Head covering is a biblical tradition that has existed in the church since the beginning. For centuries it represented the different callings of Christian men and Christian women. That was the purpose of the tradition. Then, approximately 1950 years later, it went out of fashion.
If you ask most people in churches today why it is no longer practiced, the vast majority will not really be able to tell you. "It was a cultural thing," they'll say, despite the fact that over almost 2000 years the church has existed in many different cultures and places and still kept the custom.
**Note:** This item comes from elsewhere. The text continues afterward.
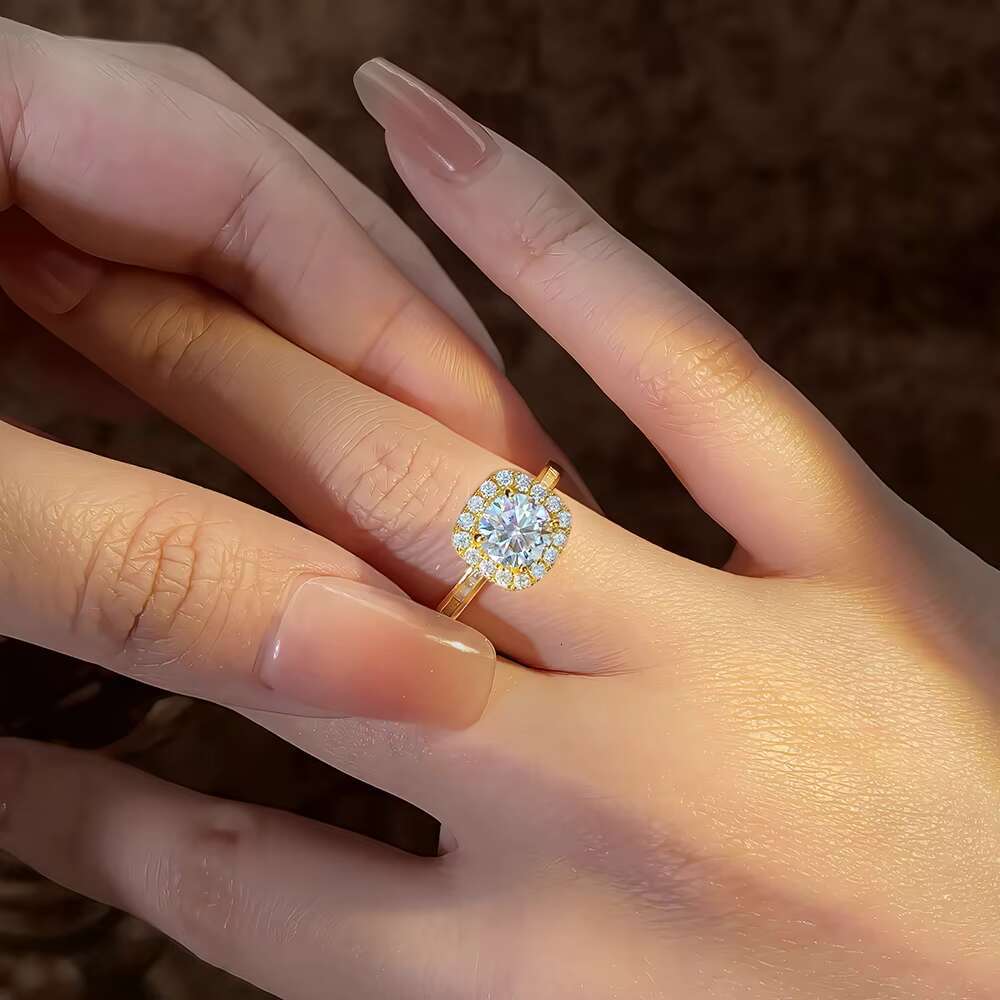 FOXI 18k Gold Plated Ring Round Brilliant Diamond Halo Engagement Ring GRA Certified 925 Sterling Silver Moissanite Wedding Ring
The truth is, of course, it is a cultural thing. Our Western culture hates it. Around the middle of the 20th Century, feminism managed to persuade us that women covering their heads while praying or prophesying was a sign of horrifying oppression. Whether Christian women consciously believed that or not, they gradually just stopped wearing hats and coverings.
But Christian women do believe the feminists now. Just ask your average Western Christian woman if she would wear a head covering.
Biblical commands don't depend on culture.
The problem with all this is that it is a biblical command.
A man ought not to cover his head...a woman ought to have authority [a covering] over her head...
Just because the culture hates a command is not a reason to abandon it.
Thankfully, there is a resurgence of people taking this passage seriously and trying to apply it in their own lives. This resurgence is relatively small and mostly centred in the Northern Hemisphere. And, as with all resurgences, there is confusion and messiness and disagreements among those who have become convinced that 1 Corinthians 11:2-16 is meant by God to apply today. This is to be expected. It should not be discouraging. God works among us in our fumbling to bring about his purposes.
This Website.
Talking about fumbling, this website is an attempt to contribute to the recovery of the head covering tradition, especially in the Southern Hemisphere. We hope to promote resources from Australia, New Zealand, the Pacific Islands, South Africa, Papua New Guinea (you can tell we're from Oceania) and encourage a greater uptake of head covering in the church. We're not church leaders, but we take the Bible seriously. As you read here and other places we point to, we hope this helps you think more deeply about this neglected tradition and what God says it means.
Because it's not just about what you do or don't put on our heads. It's about man, woman and the whole human race.